In today’s market, it can pay handsomely for a construction company to have every employee alerted to business opportunities. Though most non-business development construction workers are proud of their company, few have received any sales or customer service training.

Think about the unlimited possibilities that your company might generate in additional sales leads if every one of your workers were primed and prepared for such contacts. One great contractor I know has done just that. I’ll share their incredible discovery later.

A very professional contractor, with a rich and long history in construction, was so committed to engaging all of its workers with business development opportunities that the contractor actually made it one of the company’s strategic objectives. Thus, it received senior leader oversight and support and empowered hundreds of employees to leverage their relationships within the community to build business opportunities for their company.

The lessons learned from this organization might prove helpful to your construction future. Consider using some of the efforts that this contractor took, along with others that I’ve observed over the years, for your own. Remember, look for the ideas that might help you and tailor those ideas to better fit your company’s culture and image in the community.

1. Invite all of your employees to participate

Field and office employees should be welcomed with open arms to learn about the endless opportunities awaiting their involvement. Many workers — from the front office receptionist to the most seasoned crew foreman to the most ornery yard mechanic — can turn out to be a great “sales person” for your organization.

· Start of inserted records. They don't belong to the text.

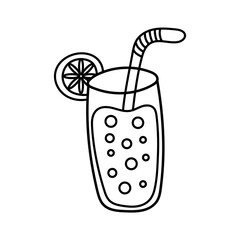 Hand Drawn cocktail doodle. Sketch style icon. Decoration element. Isolated on white background.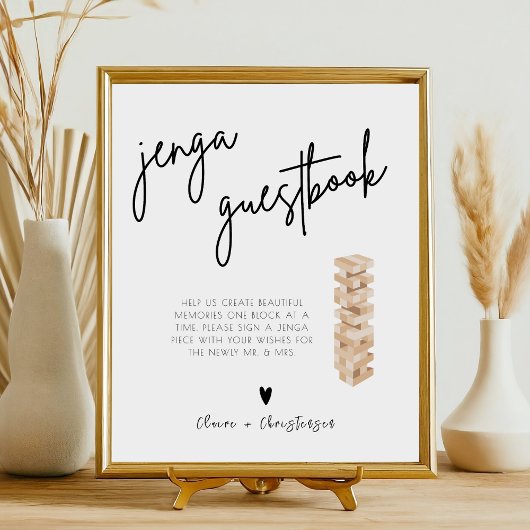 Signe De Table Élégant moderne Jenga Guest Book Mariage Sign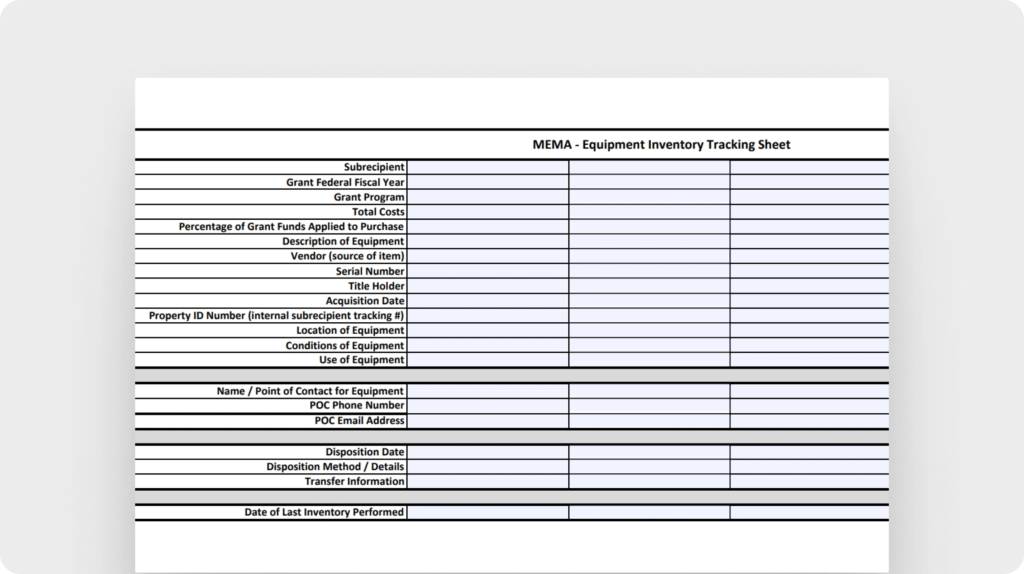 Equipment inventory tracking sheet (MENA)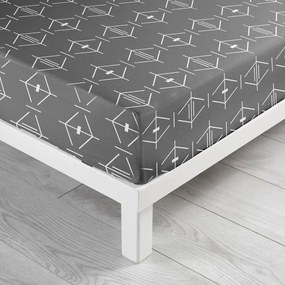 Cearceaf gri închis din bumbac cu elastic 140x190 cm Aristide – douceur d'intérieur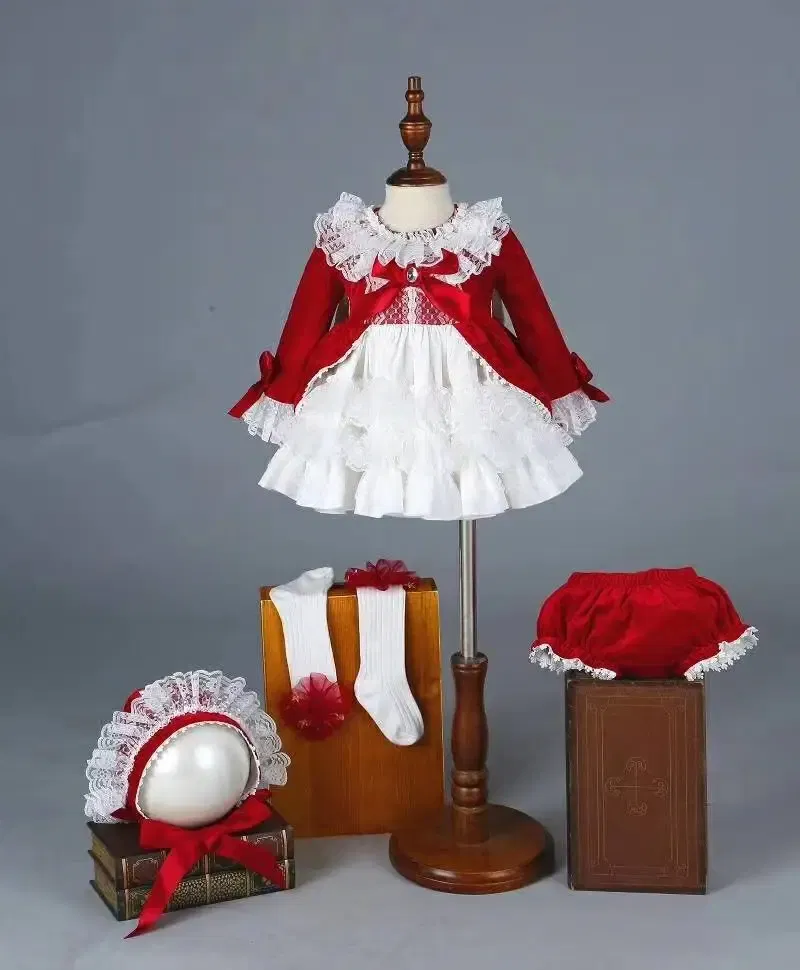 Kid Size: 24M - 4PCS Baby Girl Autumn Winter Spring Red Velvet Vintage Spanish Princess Dress Lolita Christmas Birthday Wedding Party C1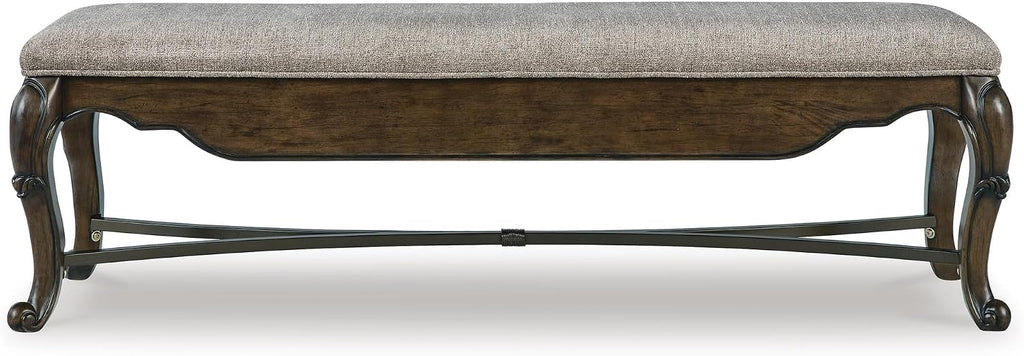 Signature Design by Ashley Maylee Contemporary Upholstered 63" Dining Bench with 1 Drawer, Dark Brown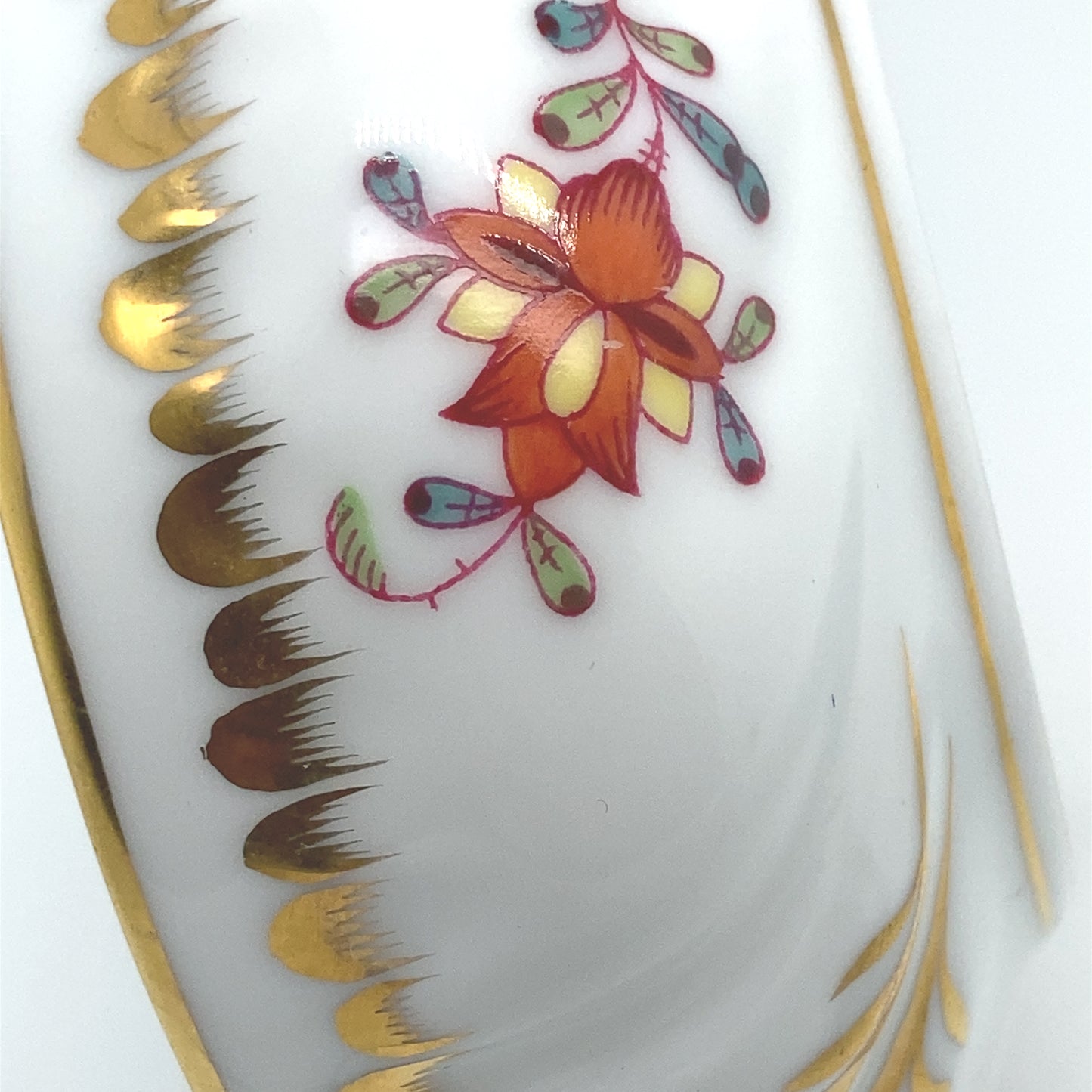 Herend jewelry or candy box from Hungary.  Hand painted designed with gold. Beautiful piece.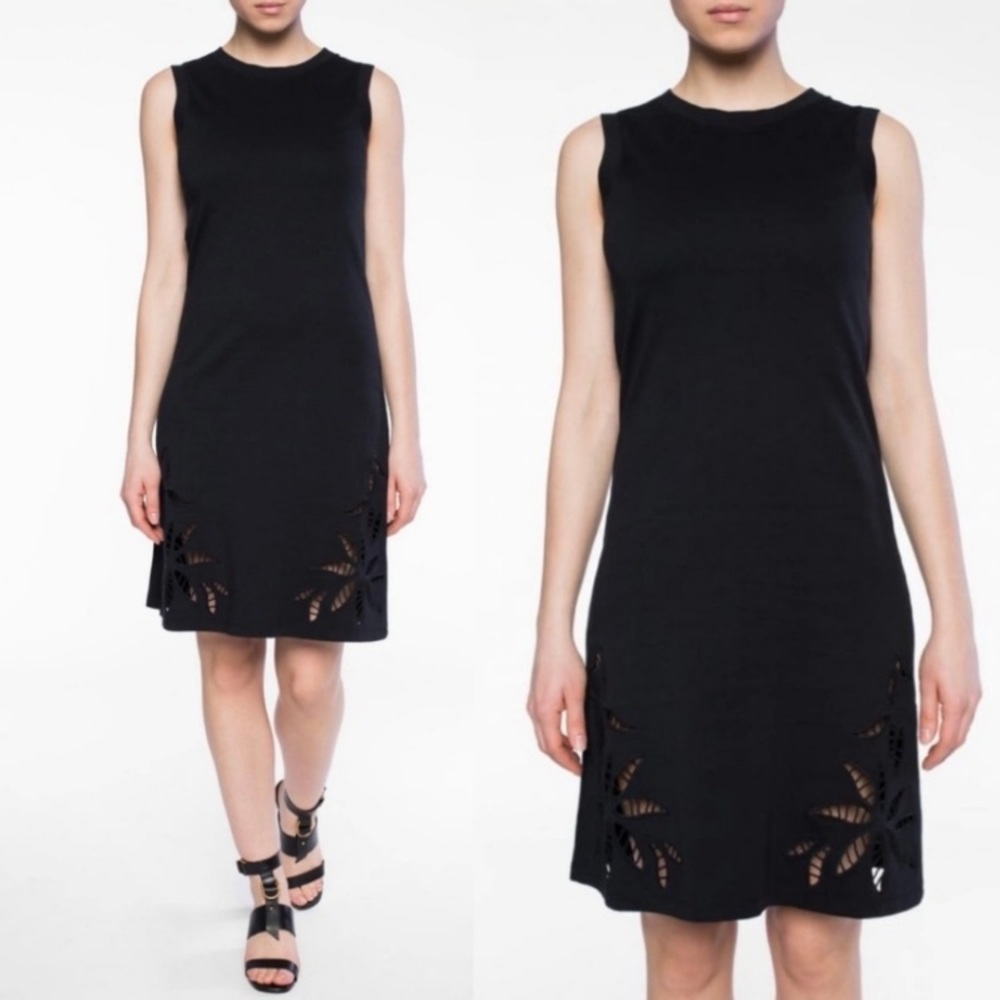 See by Chloe Floral embroidered cut outs black sleeveless cotton shift dress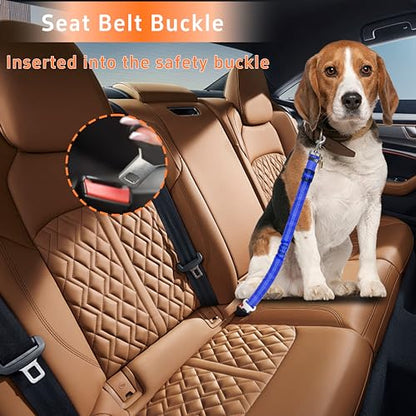 Seyezo Dog Car Seat Belt - 3 Piece Set Retractable Harness, Adjustable Reflective Seatbelt for Vehicle Headrests, Safety Restraint Heavy Duty & High Elastics, Navy Blue - color: 2PCS Navy Blue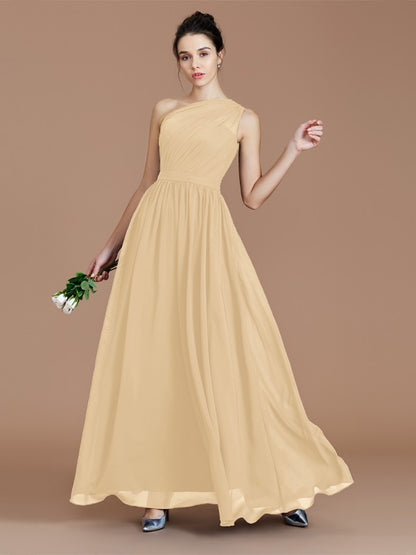 A-Line/Princess One-Shoulder Sleeveless Ruched Floor-Length Chiffon Bridesmaid Dresses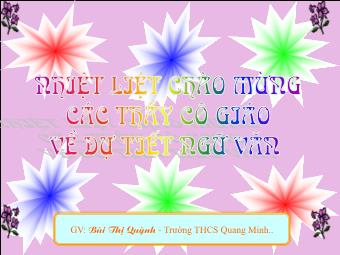 Bài giảng Ngữ văn Lớp 8 - Ngữ pháp Tiết 91: Câu phủ định - Bùi Thị Quỳnh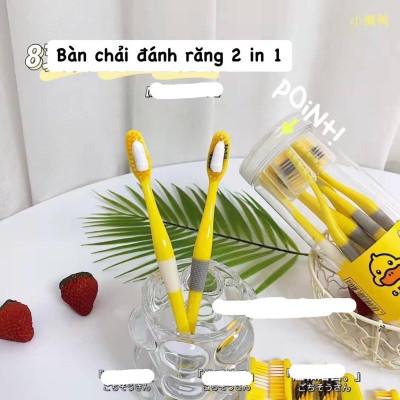 Sản phẩm  dụng cụ  vệ sinh  -Hộp 8 cây bàn chải cho bé 2 in 1 kèm dụng cụ cạo lưỡi ,cán cầm chống trượt ,lông bàn chải sợi tơ siêu mềm , giúp chải răng sạch hơn , giảm vi khuẩn gây sâu răng và hôi miệng an toàn và tiện lợi 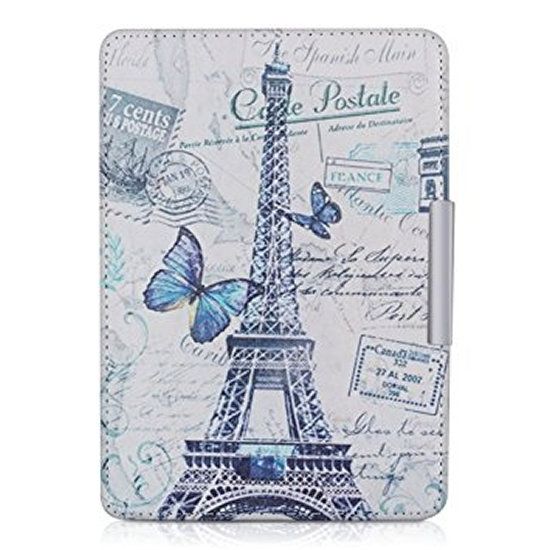Premium Cover for Kindle Paperwhite Eiffel Tower Butterfly in Blue, Grey &amp; White - Parallel Import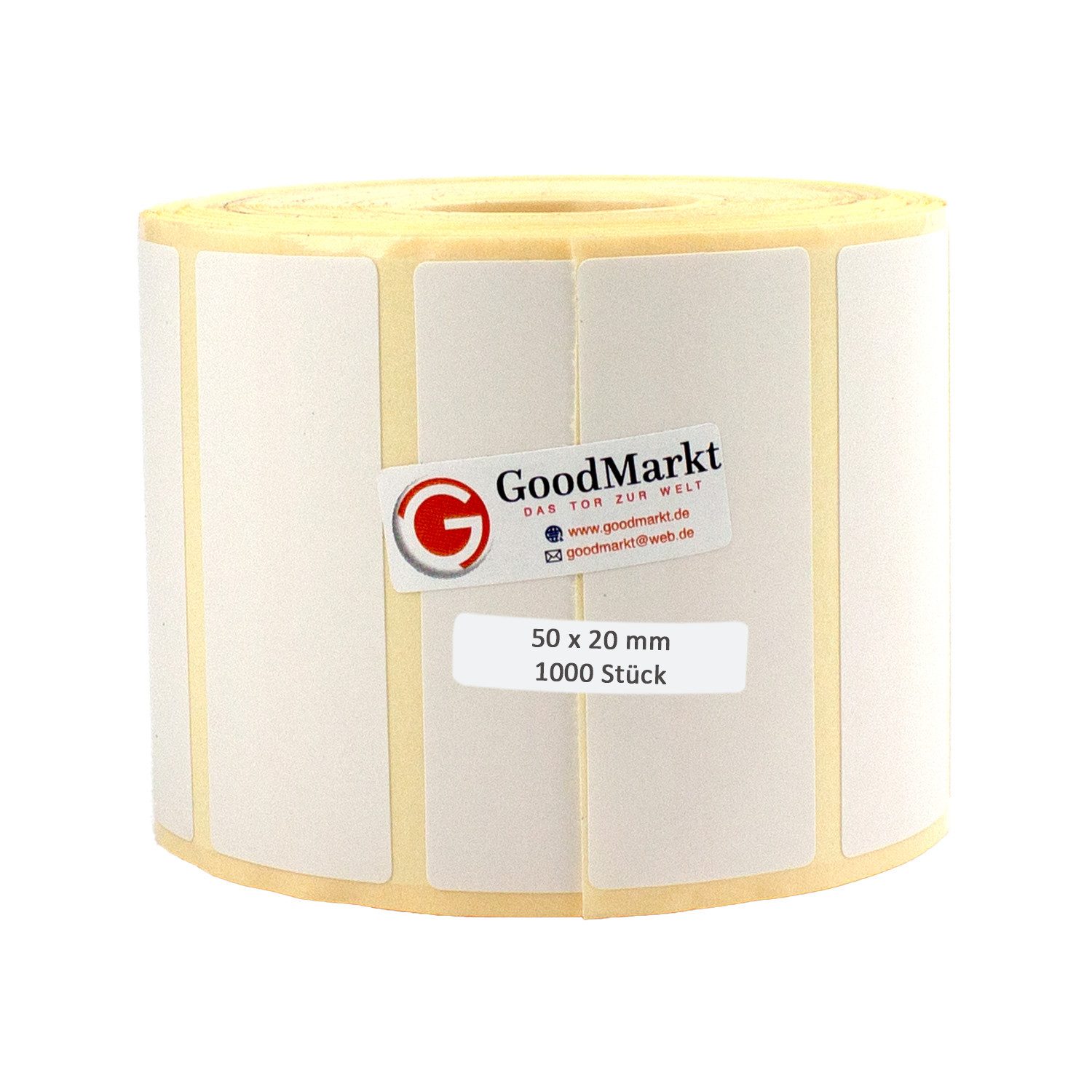 GoodMarkt Etiketten 50x20mm Selbstklebende Thermo Etiketten auf Rolle 1000 Labels, Adressetiketten Haushaltsetiketten Bedruckbar Aufkleber für Büro Küche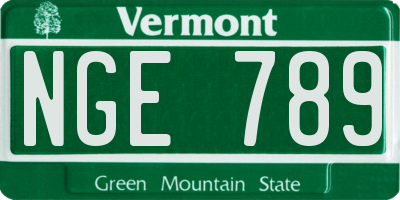 VT license plate NGE789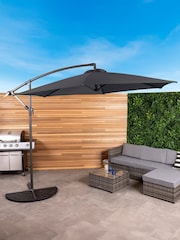 Charles Bentley Grey 3m Hanging Banana Cantilever Garden Umbrella - Image 1 of 5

First of all, hold a company-wide meeting inviting them to take part. Then, communicate with your workers what are some of the opportunities that may very well exist. Opportunities some of your workers might participate include:

  • Serving on a local EMS “volunteer” board
  • Coaching a child’s sport with other parents (who might have construction needs)
  • Representing your company at Christmas by volunteering as a “bell ringer” for Salvation Army
  • Handing out bottles of water at a local 10K running event that your company helps to sponsor to raise money for a worthy cause
  • Being asked to serve on their local church building committee
  • Representing your company at a public event or banquet

This list just considers some of the more formal opportunities. Hundreds of others must be entertained when you consider the countless conversations that your employees engage in with friends, family, neighbors, while standing in line at grocery store check-out lines, or visiting with a friendly acquaintance while pumping gas.

These “moments of possibilities” can really add up over the course of the year. One contractor informed me that based on the number of employees he had, they might interact with more than 150,000 potential customers over a year’s time; or, at least the relationships that might lead to more sales. Additionally, this same owner discovered that some of the interactions were such that even his own “BD Guy” could not have arranged.

2. Teach business development skills to “Non-BD” people

Business Development is a broad term that embraces the entire customer acquisition toolbox. The disciplines of marketing, customer service, sales, market research, public relations, etc., all fit up under the umbrella called Business Development. However, the pinnacle focus for business development is to build relationships that turn to sales for your company.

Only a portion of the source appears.